Anyone else feel this way? I have managed to feel more comfortable talking to people except sometimes others who are watching me interract with strangers often tell me that I give lengthy versions to topics that are supposed to be small talk. Nobody can tell I have aspergers except they notice hand stims but don't generally associate that with aspergers. I don't know if this means I am getting better or more comfortable with just being me. I've also been able to tell some people off or question their beliefs in how I am supposed to be. My favorite question currently is, where is the skill applied in socializing when there isn't much of social etiquette applied and can you please tell me what is so skillfull about being meanspirited and a bully mentality?

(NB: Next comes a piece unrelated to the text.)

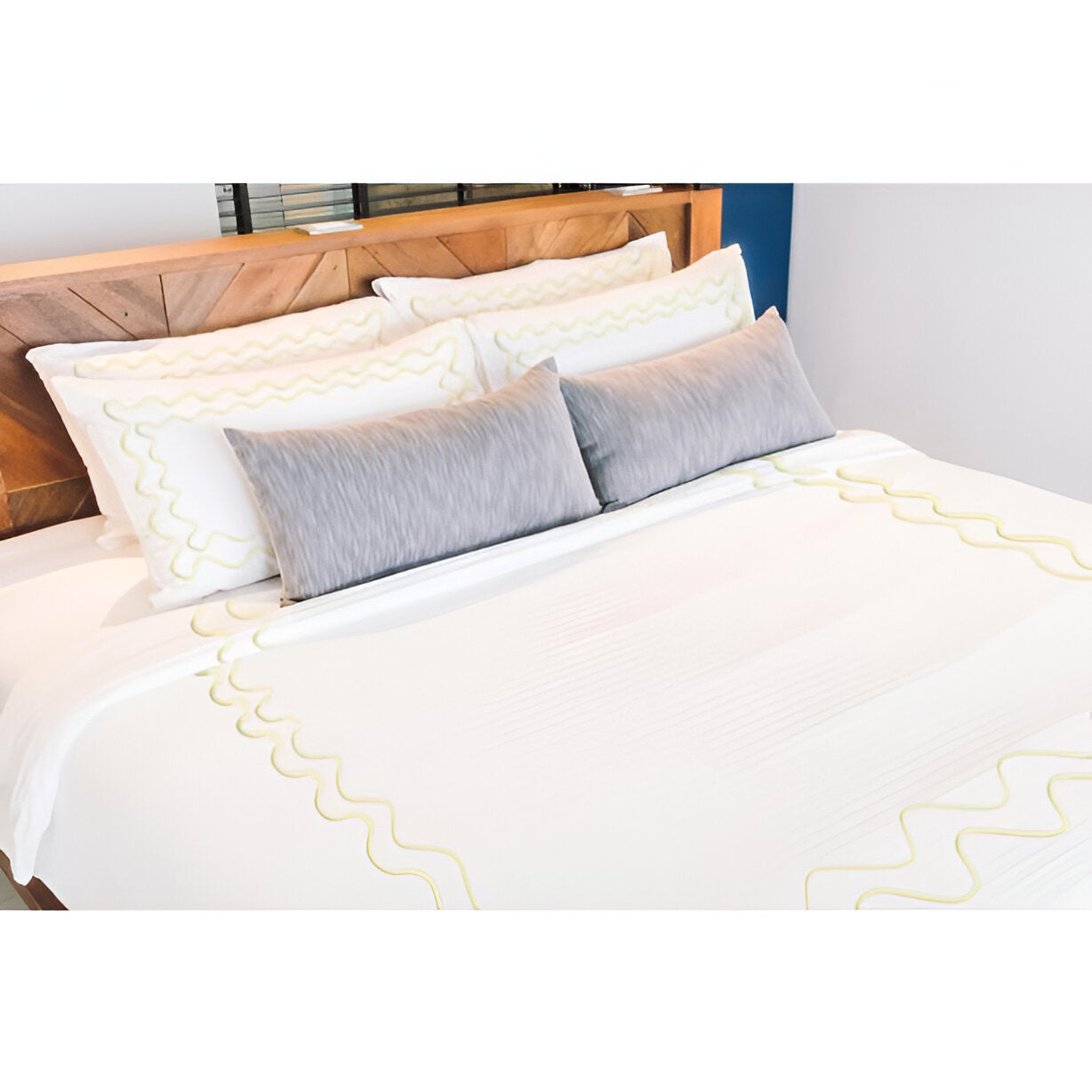 Double Wavy Embroidered Duvet Cover Set - 100% Cotton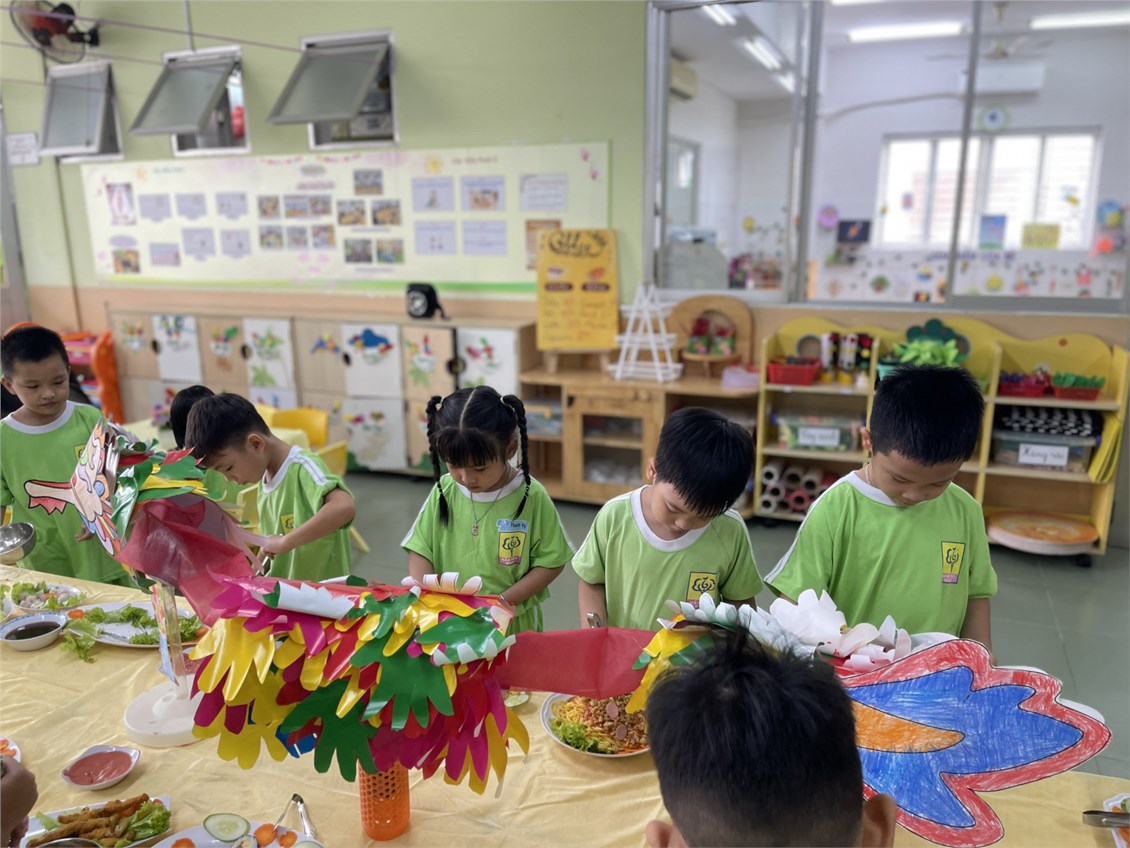 Cùng thực hiện kĩ năng trang trí món ăn Vui Tết Trung Thu với lớp Pooh 2 chúng mình nhé !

I am getting better at coming up with things to say back on the spot rather than freezing. Anyways, hi Wrong Planet
I am getting better at coming up with things to say back on the spot rather than freezing. Anyways, hi Wrong Planet
I've definitely noticed this. It wasn't through any conscious effort of mine, either, since I didn't get a diagnosis until 14 months ago. When I was younger, I used to talk people's ears off about my interests (God help anyone who asked me about SimCity).
I also used to do speeches with the gifted program in elementary school, and I never used any hand gestures. The times my mom tried to get me to do them, I only would when practicing my speech, not when actually giving it. They felt so unnatural to me, I was sure I looked like a fool to everyone if I did them (not the case, but oh well ).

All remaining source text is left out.